Conducted: static code analysis + 102 simulated attack payloads

| Category | Tests | Pass | Real Failures |
|---|---|---|---|
| IP Input Validation | 23 | 23 | 0 |
| Domain Input Validation | 18 | 17 | 1 (double-dot, fixed) |
| Selector Validation | 13 | 10 | 0 (3 false positives) |
| XSS via XML data | 10 | 7 | 0 (3 false positives — esc() is correct) |
| SSRF Prevention | 11 | 11 | 0 |
| DoS Prevention | 6 | 6 | 0 |
| HTTP Security Headers | 5 | 4 | 1 (CSP — fixed) |
| Information Disclosure | 7 | 7 | 0 |
| Client-Side Storage | 4 | 4 | 0 |
| CDN Supply Chain | 5 | 2 | 3 (SRI hashes — see above) |

**Confirmed fixed issues:**
- XSS via crafted XML data (org_name, domain, email in DOM) — escaped with `esc()`
- SSRF via open redirect (FOLLOWLOCATION) — disabled, URL allowlist added
- DoS via recursive SPF includes — depth + call count hard limits
- Missing rate limiting — APCu-based per-IP throttling added
- Insufficient domain format validation — stricter regex, double-dot fixed
- Missing security headers — X-Content-Type-Options, X-Frame-Options, CSP added
- `target="_blank"` without `rel="noopener noreferrer"` — fixed on all links
- Private/reserved hostname access — blocked in all three PHP files

**Outstanding (require server config):**
- SRI hashes — generate and add as above
- HSTS, full CSP — add nginx-security.conf or .htaccess to your server
- Nginx-level rate limiting — add if APCu not available on your host

---

## Data Privacy

- No DMARC report data is sent to any server.
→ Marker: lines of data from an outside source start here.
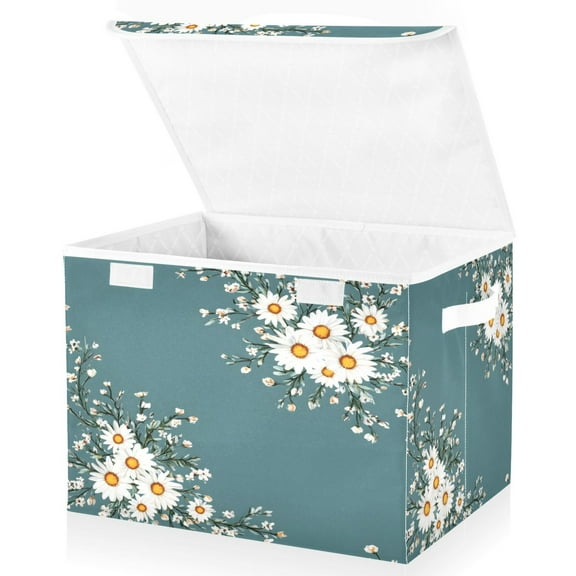 Ryvnso Daisy Floral Art Pattern Large Lidded Foldable Storage Baskets Cubes Boxes Lids Bin for Home
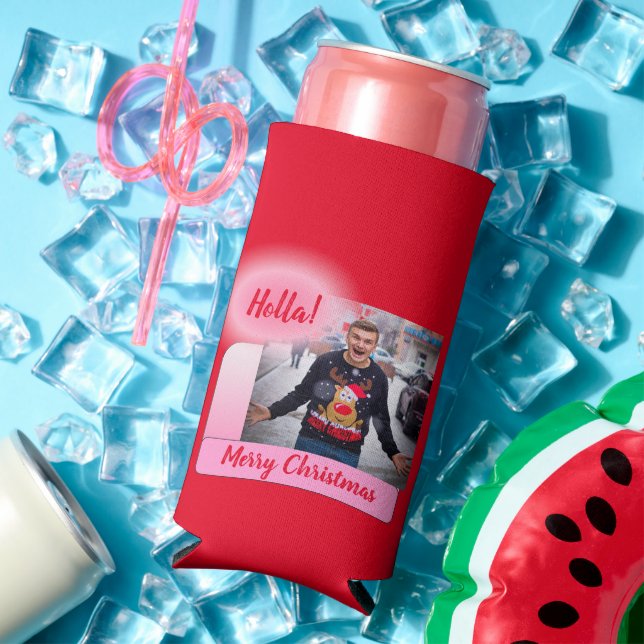 Merry Christmas Gradient Modern Add Photo Text Seltzer Can Cooler (In Situ Summer)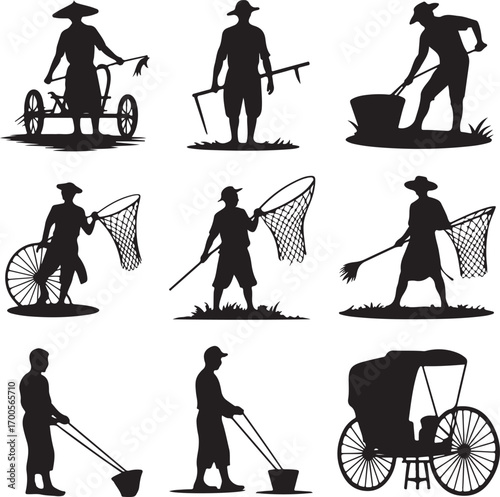 Collection of Human Silhouettes – Sports, Dance, Village Life and Daily Activities Vector Set

Silhouette Vector Bundle of People in Action – Farming, Fitness, Cycling, Yoga, Music and Lifestyle Poses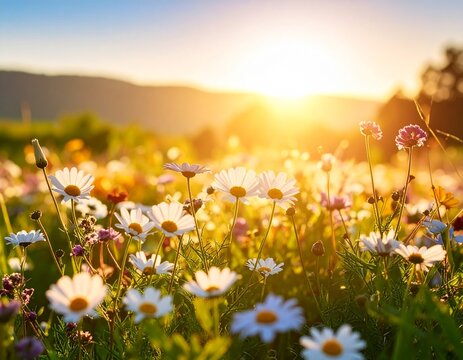 Sunny field of flowers 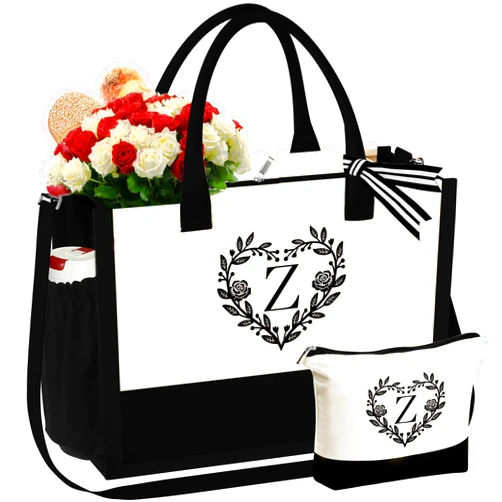 YOOLIFE Gifts for Women - Monogram Initial Beach Tote Bag with Makeup Bag Mothers Day Birthday Gifts for Women Her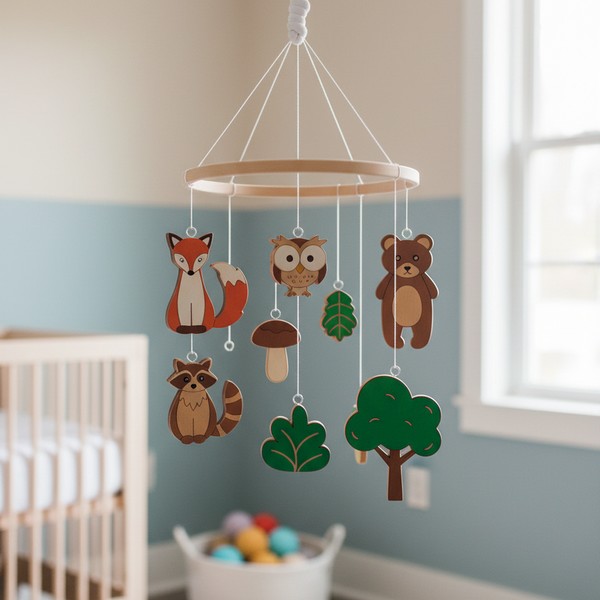 تصميم رقمي لديكور سرير أطفال معلّق (Baby Mobile) للقص بالليزر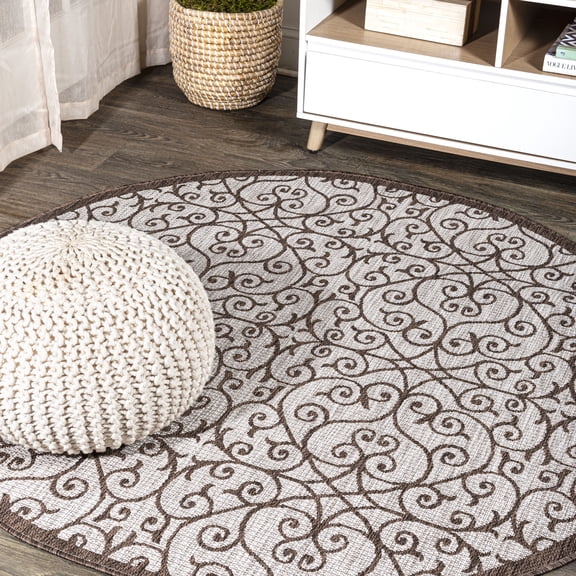 JONATHAN Y SANTA MONICA 5' Round Area Rug, Madrid Vintage Filigree Textured Weave - Taupe/Espresso, SMB107C-5R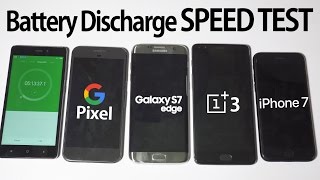 Google Pixel vs iPhone 7 vs Galaxy S7 Edge vs OnePlus 3 - Battery Drain Speed Test!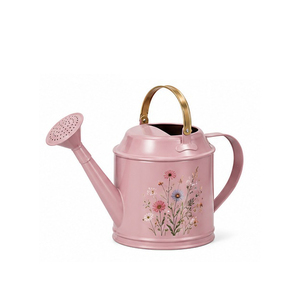 Regadera Metálica Rosa con Diseño Floral, Ecológica, Capacidad de 1.5L, Recubrimiento en Polvo, Herramienta de Jardinería Duradera - Product Image 1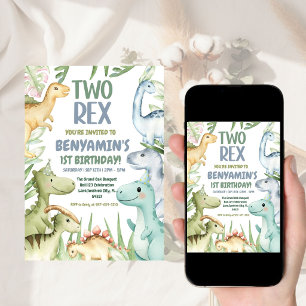 Dinosaur Two rex Boy 2st Birthday Party Invit Invitation
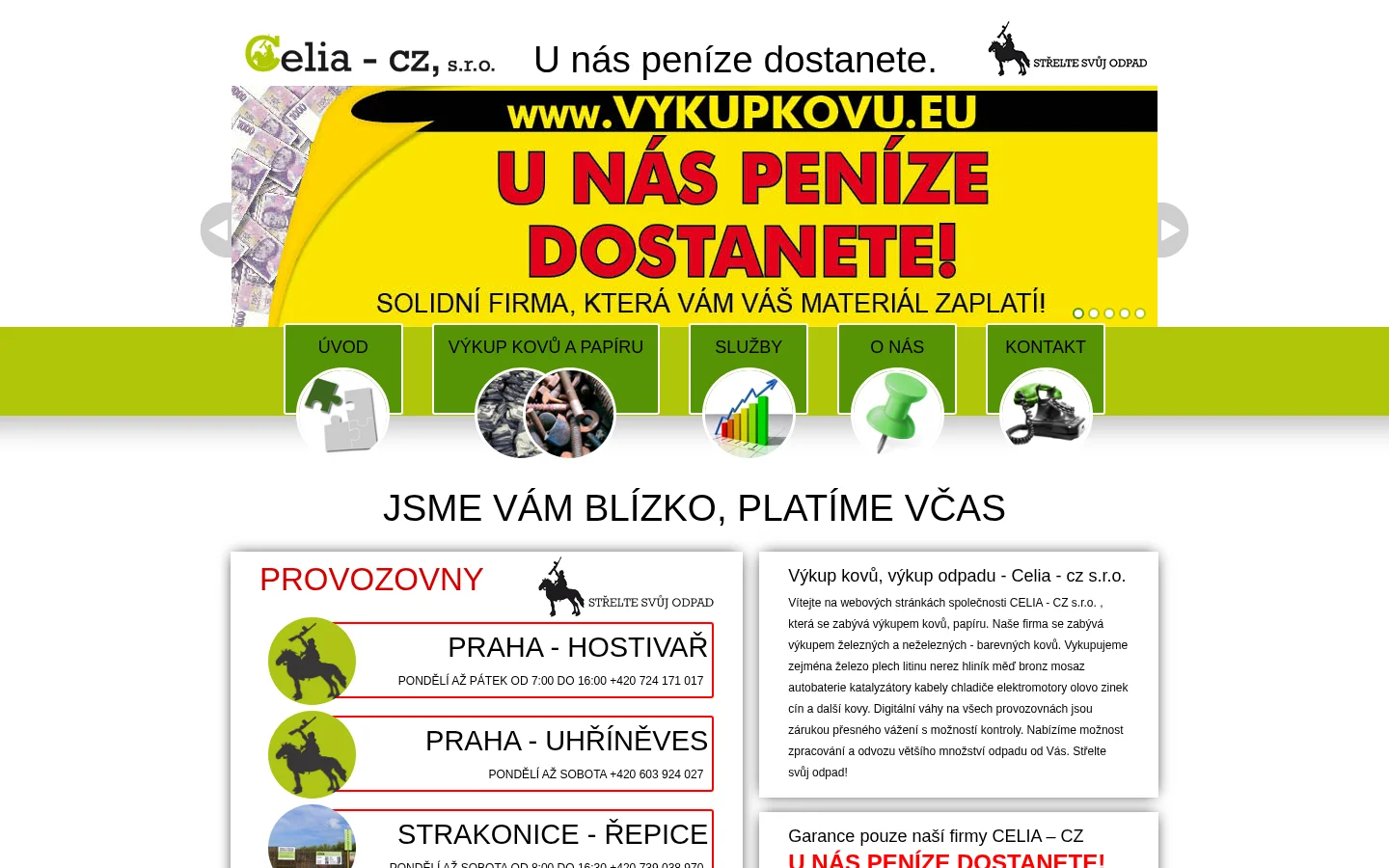 GERA, export import, spol. s r.o. website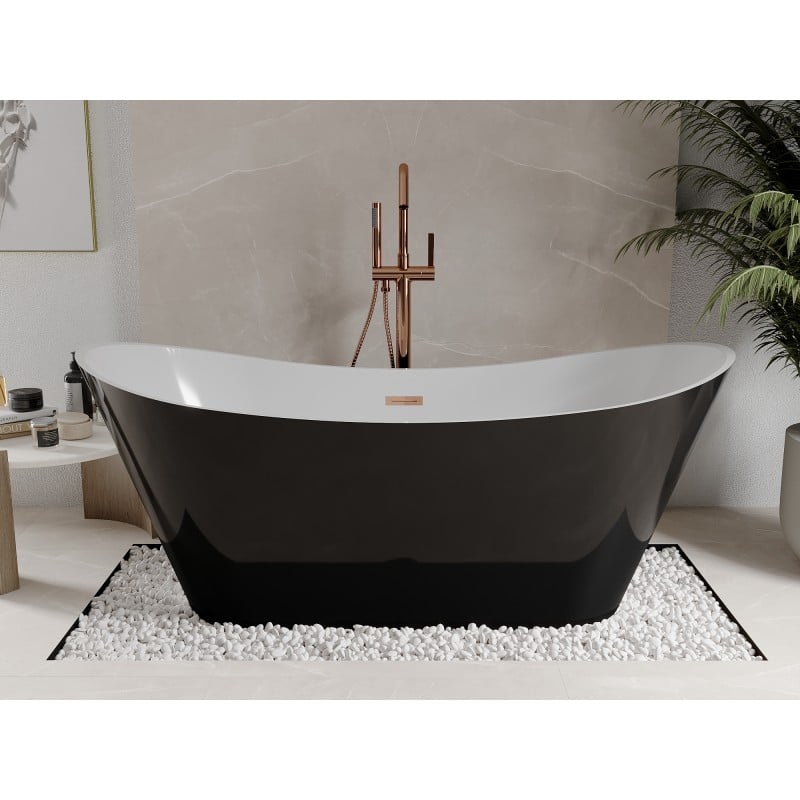 Mexen Celia freestanding bath 170 x 75 cm, white/black, overflow rose gold - 52331707575-60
All XML parsing is client-side JavaScript.
- IP lookup calls your own `iplookup.php` which proxies to `ip-api.com` and `ipinfo.io`.
  Only the source IP addresses from the DMARC report are sent to those services.
- Technician notes are stored in browser `localStorage` only, never transmitted.
- The PHP files are read-only tools — they make no database connections and write no files.